Жаботинский считал Бейтар своим детищем и видел в нем мощный рычаг, с помощью которого можно будет совершить переворот в общественном сознании. Только из молодежи можно еще выковать новый тип людей, свободных от комплексов диаспоры и от скверны гетто. Молодежь понесет в своих сердцах великую мечту и выйдет на борьбу за освобождение родины. Мечтой Жаботинского было создание «гордого, благородного и беспощадного племени». Свои лучшие мысли вложил Жаботинский в идеологические основы Бейтара. Он проповедовал абсолютную преданность движению. В своих выступлениях перед молодежью он повторял слова Бялика: «Одно солнце на небе, одна песня в сердце и нет ничего другого».

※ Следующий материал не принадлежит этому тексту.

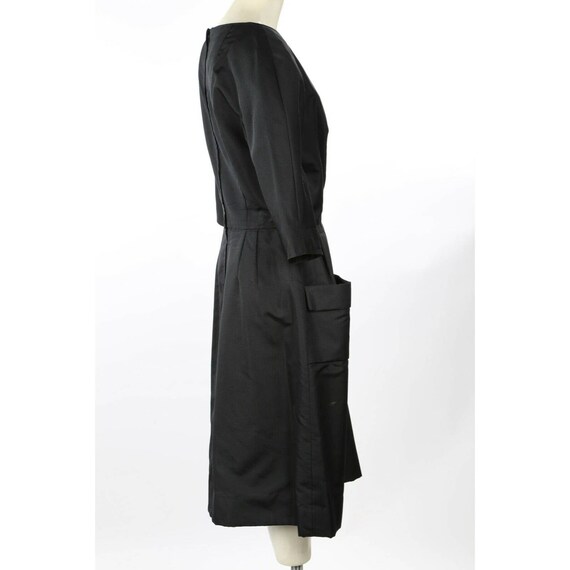 Vintage STEPHAN Ltd Black 3/4 Sleeve Pocket Midi … - image 8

Жаботинский наполнил жизнь молодежи содержанием, он спас ее от «красной чумы». Десятки тысяч молодых людей последовали за ним. Для них он был «рош Бейтар», т. е. глава Бейтара. В их обществе он находил покой после бурных споров в сионистском движении. Он вселял в них силу духа и в них же черпал душевную стойкость. Бейтар всегда оставался для Жаботинского прочной опорой в дни кризиса и разлада. Это был самый эффективный инструмент для осуществления его учения. Именно он стал со временем истоком повстанческих движений.